Nearly all sidewalks in unincorporated Pierce County are wide enough to comply with the Americans with Disabilities Act (ADA), while non-compliant curb ramps may be creating barriers to accessibility.
These findings are part of Pierce County’s Americans with Disabilities Act Public Rights-of-Way Self-Evaluation Report. The report details whether existing pedestrian facilities – such as sidewalks and curb ramps – located in the public right-of-way in unincorporated Pierce County are in compliance with the ADA.
The report is now available for public review at www.piercecountywa.org/ADAtransition. Public comment will be accepted through Nov. 25, 2015. The public can request copies of the report and submit comments by phone at (253) 798-2288, email at email@example.com, or by mail at Pierce County Public Works, Attn. Dan Hansen, 4301 S. Pine St., Tacoma, WA 98409.
“The self-evaluation report and resulting public comments will be used to create a transition plan that will help Pierce County prioritize future projects to bring facilities into compliance,” said Brian D. Stacy, P.E., Pierce County Public Works county engineer. “We will also use ADA guidelines and standards to identify project locations with the highest need.”
The transition plan, which is expected to be completed in 2016, will guide the county when scheduling projects and requesting and allocating funding to complete the project list. Ultimately, all existing pedestrian facilities must be brought into compliance with ADA standards.

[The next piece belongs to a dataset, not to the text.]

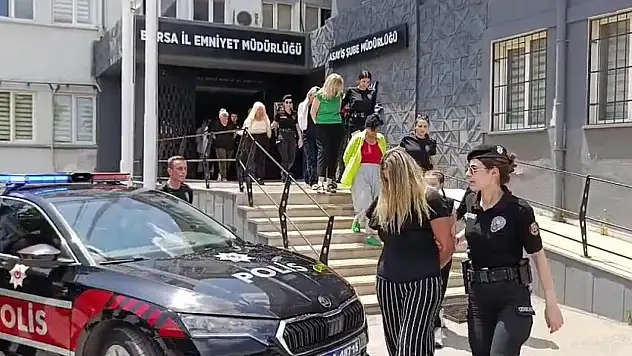 Masaj salonlarına operasyon: 15 gözaltı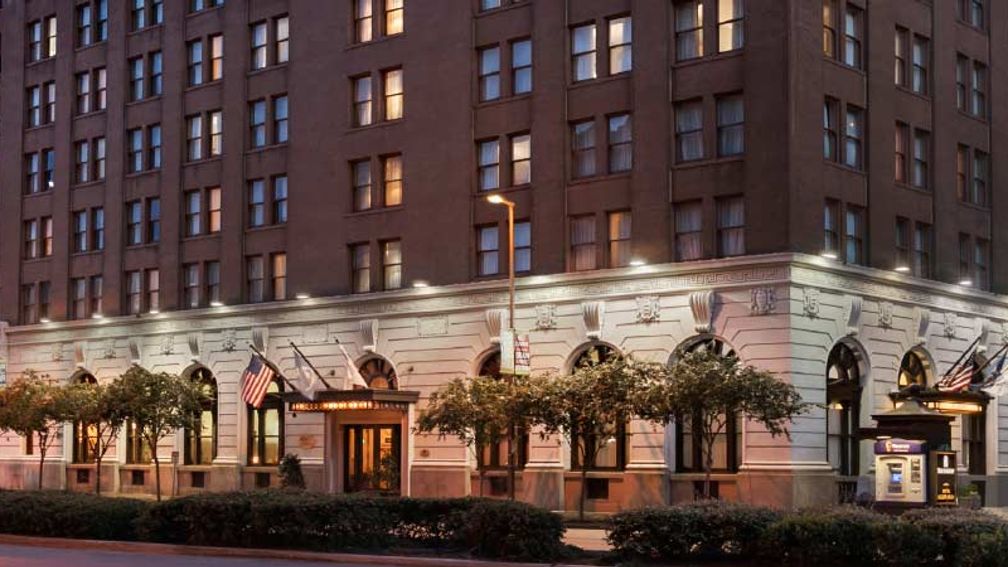 The Whitney Hotel is in a historic Beaux Arts building.// © 2015 Whitney Hotel – New Orleans Hotel Collection 3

About the self-evaluation reportPierce County was required, under Title II of the ADA 28 CFR 35.105, to perform a self-evaluation to identify whether pedestrian facilities in the public right-of-way meet ADA requirements. Pierce County also reviewed existing policies and created new policies to ensure compliance with ADA standards for future road projects.

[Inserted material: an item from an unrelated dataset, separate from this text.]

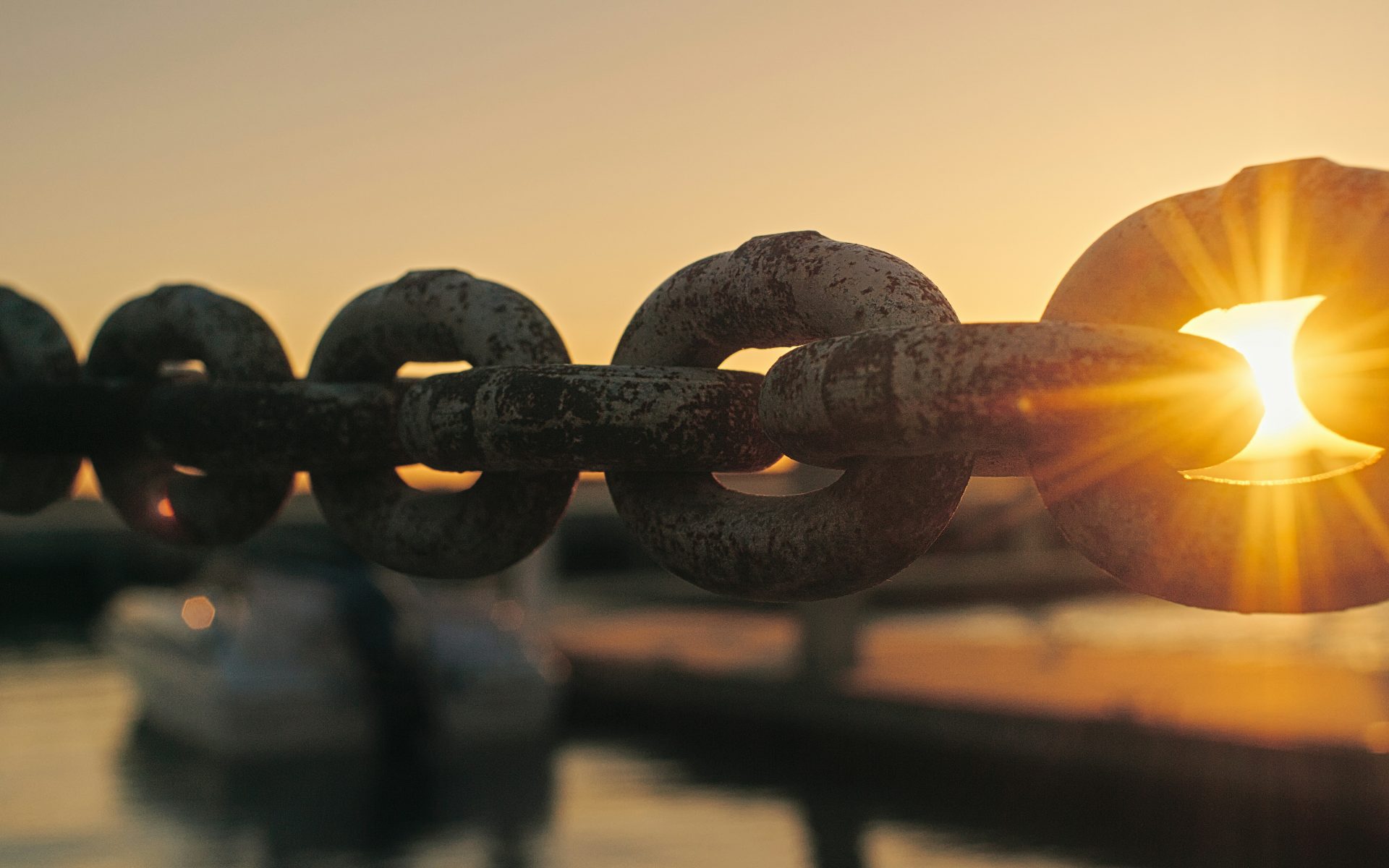 Jesaja 9,1 Wenn das Licht leuchtet! Was machst du? → „Das Volk, das in der Finsternis lebt, sieht ein großes Licht; hell strahlt es auf über denen, die ohne Hoffnung sind.“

Between summer 2013 and spring 2015, staff from Pierce County Public Works conducted an inventory of pedestrian facilities including sidewalks, curb ramps, pedestrian crossings, and traffic signal systems to evaluate ADA compliance.
The report also includes feedback from the public on which types of sidewalk defects pose the biggest impact to accessibility, and which locations are most important for the public to be able to reach without barriers to accessibility, such as office buildings and bus stops. The feedback was gathered during four public meetings held in November 2014 and from an online survey.